In an emailed statement to The Markup that was unsigned, the company’s media office said Michigan regulators’ questions are part of the standard process of reviewing insurance pricing.
In a written response to Michigan regulators, Allstate explained that if any two customers have the same risk profile but were assigned different rates initially, its systems would catch it and align their rates later in the process. “Allstate has not yet found any identical risks in Michigan,” Allstate wrote. “This is not an unexpected result, since the large number of possible price points when combining the proposed rating plan characteristics for each coverage make it extremely unlikely for identical risks to occur.”
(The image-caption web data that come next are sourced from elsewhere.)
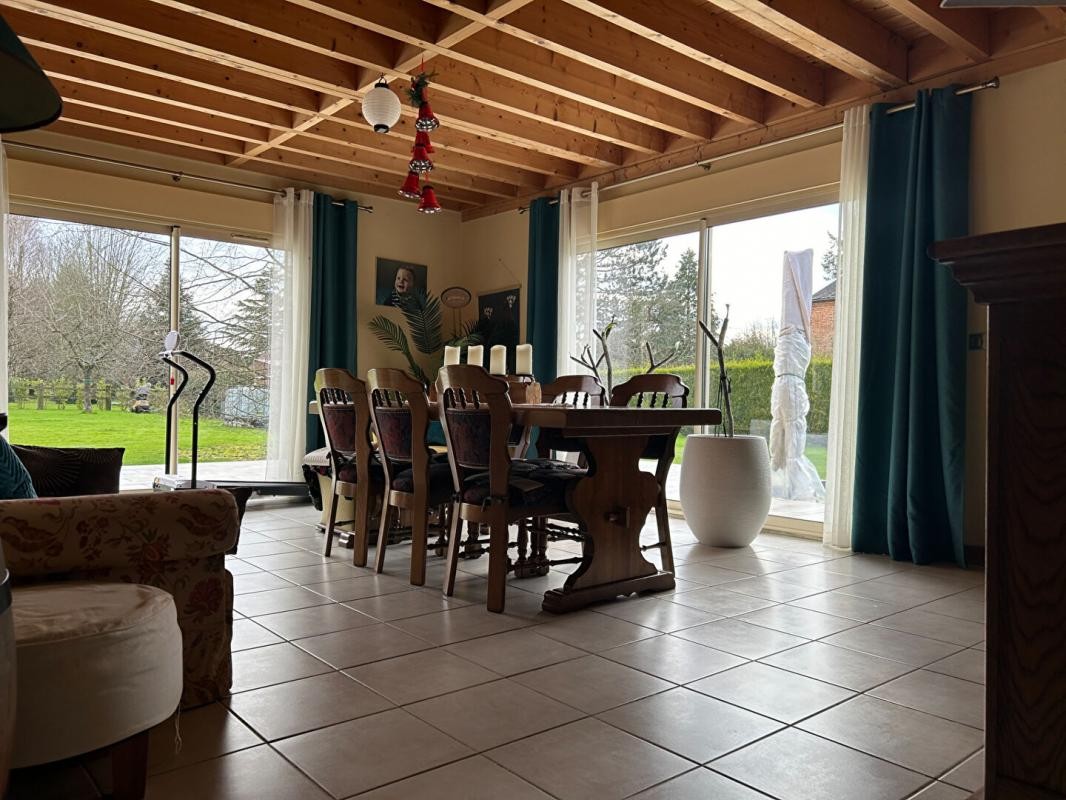 Vente Maison à Lisieux 6 pièces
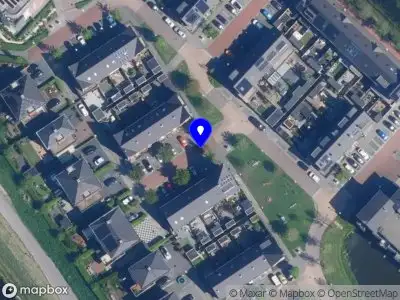 112 melding Ambulance met grote spoed naar de Poterne in Uithoorn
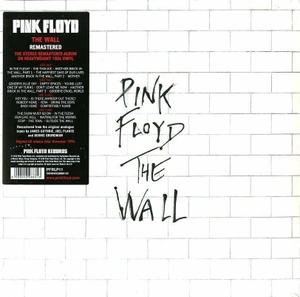 PINK FLOYD The Wall (Винил)
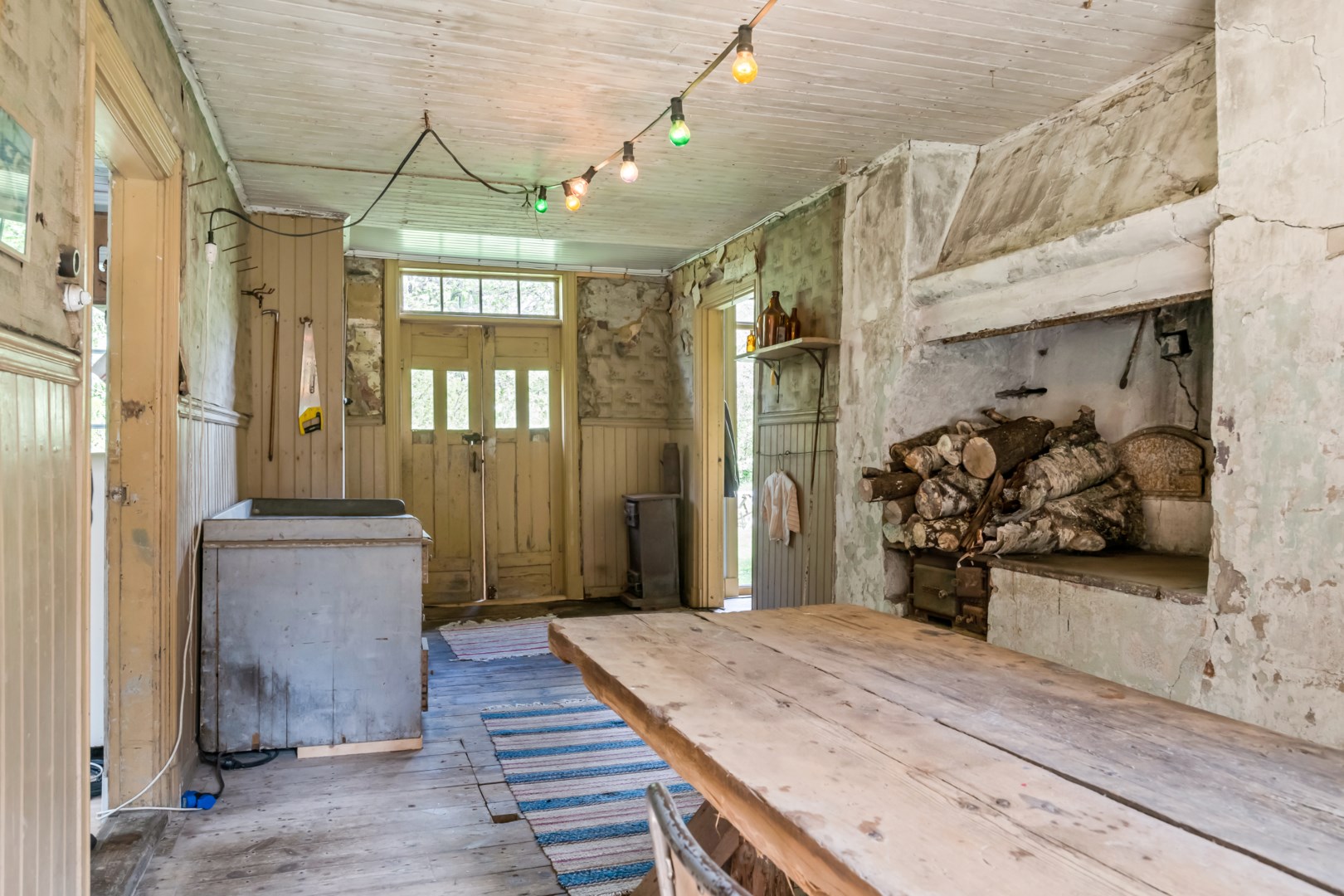 Bostadsbild från Östanå 109, Såld i Morkarla, Östhammar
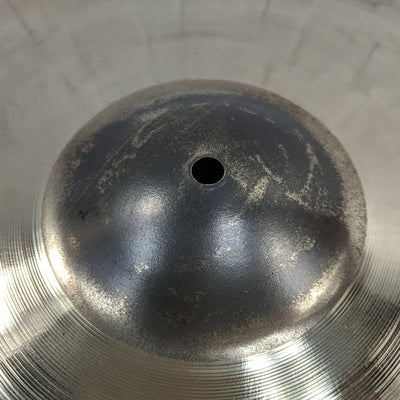 Sabian AAX 21 Raw Bell Ride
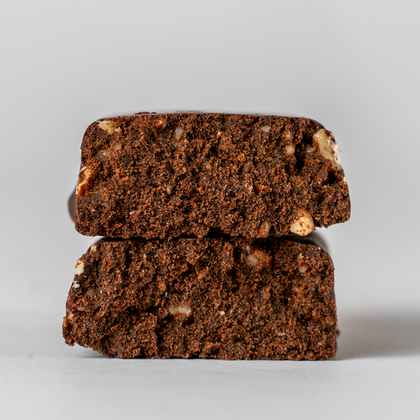 Barretta proteica Sens Serious Cocoa & Almonds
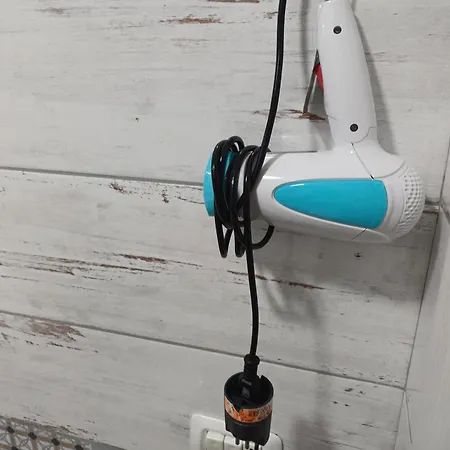 Yume Apartament Bari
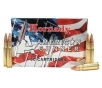 Hornady 7 62x39mm 123 gr HP Match American Gunner 50 Box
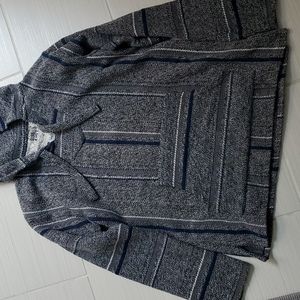 Senor Lopez Poncho XL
Robert Hunter, a former Texas insurance commissioner and longtime critic of Allstate’s pricing practices, said the company’s argument is misleading because the insurer micro-segments policyholders using countless factors.
“If two policyholders were alike in every way but one drives a 2012 Honda Civic LX and the other a DX,” he said, Allstate would consider them “not-exactly-similar risks.”
Representatives from Allstate did not respond to The Markup’s request for comment about Hunter’s criticism.
The Markup and Consumer Reports analyzed data Allstate provided to regulators in Maryland in 2014. We found Allstate was proposing charging elevated rates to customers already paying a large amount for their car insurance but proposed lower increases to customers who had cheaper policies, even if they were due larger increases based on their underlying risk of getting into an accident. At the same time, the algorithm capped discounts to half a percent for virtually all of the customers that Allstate’s own risk calculations said deserved decreases, some of more than $1,000. We found older people and those living in areas labeled predominantly non-White by the Census would be most affected.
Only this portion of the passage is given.